▸ Problem requirements
From the listing that follows, reproduce only the lines from the one holding "This lesson deals" through the one holding "The Access Rights", both included, with no pictures.

▸ Data extracts
-=-=-

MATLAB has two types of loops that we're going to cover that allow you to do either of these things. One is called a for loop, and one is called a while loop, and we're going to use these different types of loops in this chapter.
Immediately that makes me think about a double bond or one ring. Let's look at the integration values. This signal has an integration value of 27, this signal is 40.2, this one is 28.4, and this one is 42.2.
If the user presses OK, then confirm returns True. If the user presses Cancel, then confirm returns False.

-=-=-

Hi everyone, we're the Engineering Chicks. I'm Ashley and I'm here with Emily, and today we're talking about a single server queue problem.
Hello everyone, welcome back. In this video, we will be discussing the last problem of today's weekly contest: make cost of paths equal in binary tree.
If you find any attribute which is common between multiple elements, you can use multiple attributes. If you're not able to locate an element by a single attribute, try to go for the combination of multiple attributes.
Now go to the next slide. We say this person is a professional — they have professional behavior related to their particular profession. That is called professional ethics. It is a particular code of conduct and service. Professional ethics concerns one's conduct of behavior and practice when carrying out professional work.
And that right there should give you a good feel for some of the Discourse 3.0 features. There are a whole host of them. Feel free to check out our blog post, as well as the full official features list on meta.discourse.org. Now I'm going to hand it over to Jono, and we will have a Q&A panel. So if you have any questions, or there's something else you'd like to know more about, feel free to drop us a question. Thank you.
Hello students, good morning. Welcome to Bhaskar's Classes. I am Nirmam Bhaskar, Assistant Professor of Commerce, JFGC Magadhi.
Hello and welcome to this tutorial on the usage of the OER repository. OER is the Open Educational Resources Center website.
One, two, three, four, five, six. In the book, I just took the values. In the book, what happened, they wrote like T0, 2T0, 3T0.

-=-=-

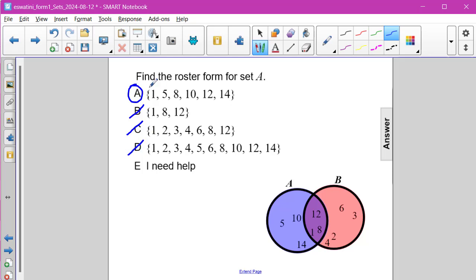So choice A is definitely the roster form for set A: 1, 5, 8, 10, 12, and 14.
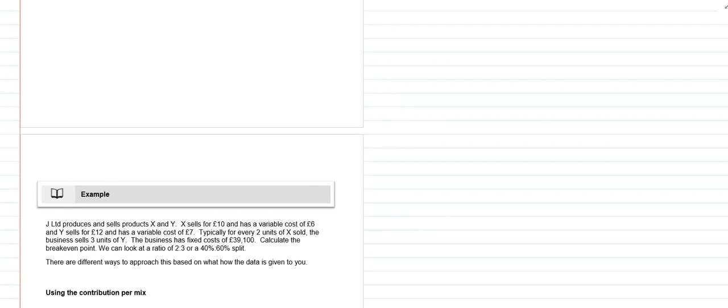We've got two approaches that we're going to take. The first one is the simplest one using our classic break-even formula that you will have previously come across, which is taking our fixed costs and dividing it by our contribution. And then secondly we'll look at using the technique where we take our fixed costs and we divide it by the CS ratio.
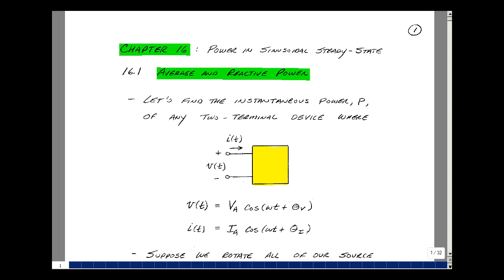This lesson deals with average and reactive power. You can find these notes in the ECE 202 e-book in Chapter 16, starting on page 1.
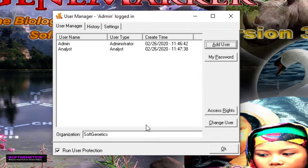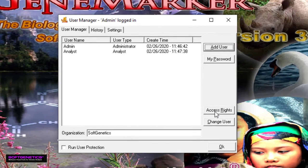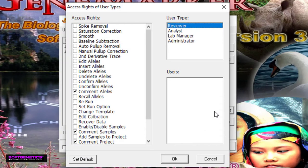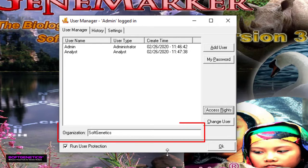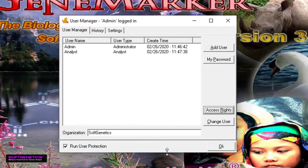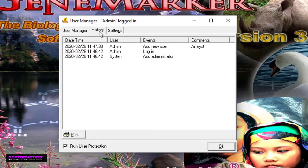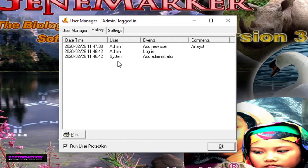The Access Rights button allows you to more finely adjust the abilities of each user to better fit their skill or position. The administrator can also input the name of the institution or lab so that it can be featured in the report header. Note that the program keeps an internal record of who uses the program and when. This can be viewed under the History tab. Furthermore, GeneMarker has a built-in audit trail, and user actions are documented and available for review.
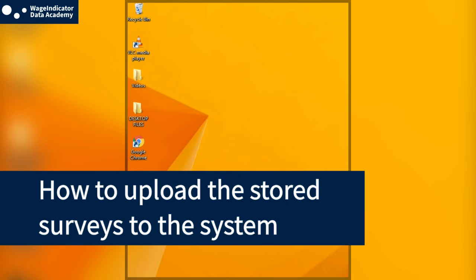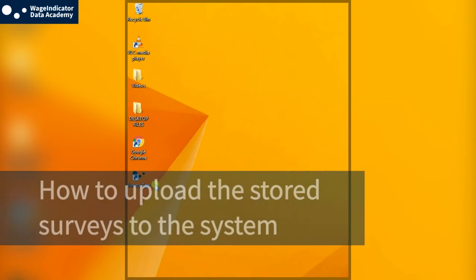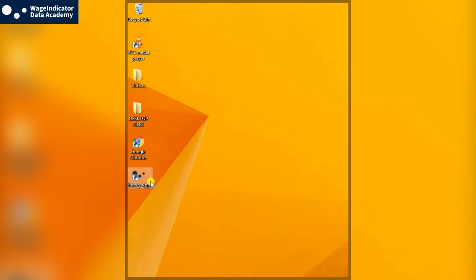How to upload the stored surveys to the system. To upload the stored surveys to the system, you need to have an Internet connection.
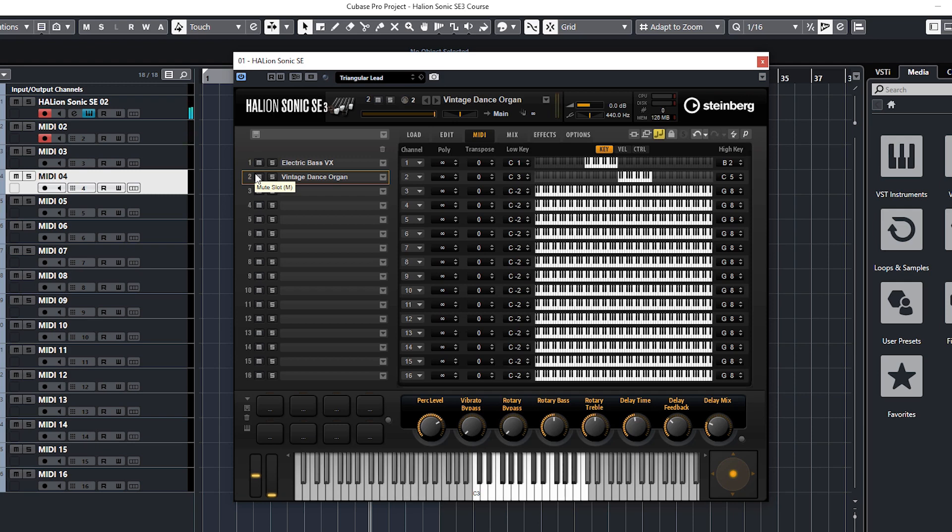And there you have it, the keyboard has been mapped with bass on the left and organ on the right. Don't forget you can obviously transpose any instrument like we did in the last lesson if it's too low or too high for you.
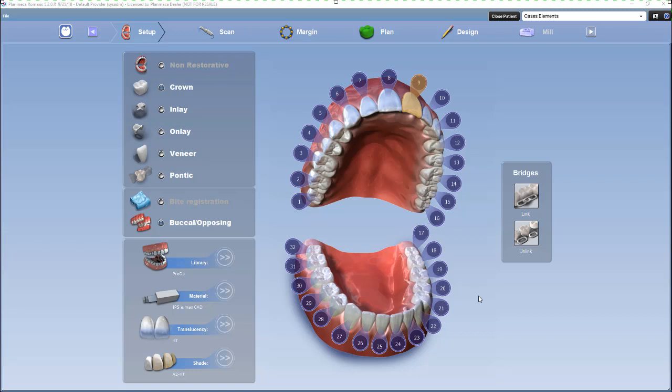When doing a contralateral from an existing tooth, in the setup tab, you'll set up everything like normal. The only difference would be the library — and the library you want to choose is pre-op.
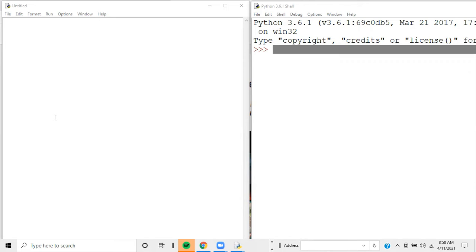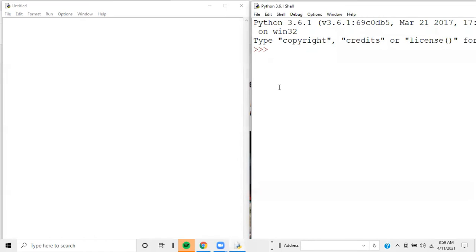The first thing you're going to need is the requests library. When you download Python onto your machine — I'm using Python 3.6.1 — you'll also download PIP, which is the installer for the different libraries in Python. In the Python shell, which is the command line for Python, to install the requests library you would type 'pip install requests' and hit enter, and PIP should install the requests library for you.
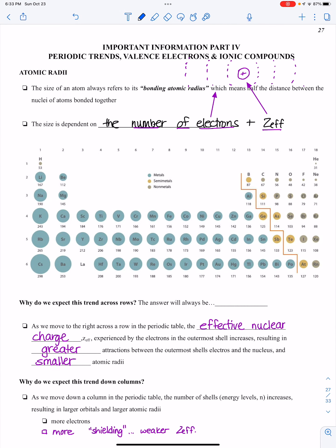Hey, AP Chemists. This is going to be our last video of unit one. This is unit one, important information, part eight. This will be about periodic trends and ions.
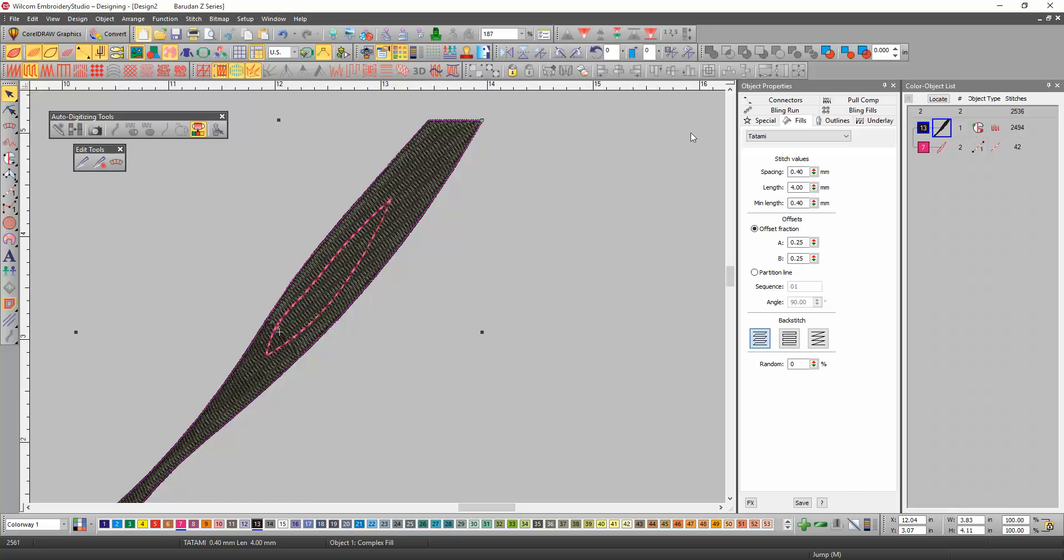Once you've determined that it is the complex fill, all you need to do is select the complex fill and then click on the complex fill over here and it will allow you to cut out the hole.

-=-=-

▸ Answer for this exercise
This lesson deals with average and reactive power. You can find these notes in the ECE 202 e-book in Chapter 16, starting on page 1.
The Access Rights button allows you to more finely adjust the abilities of each user to better fit their skill or position. The administrator can also input the name of the institution or lab so that it can be featured in the report header. Note that the program keeps an internal record of who uses the program and when. This can be viewed under the History tab. Furthermore, GeneMarker has a built-in audit trail, and user actions are documented and available for review.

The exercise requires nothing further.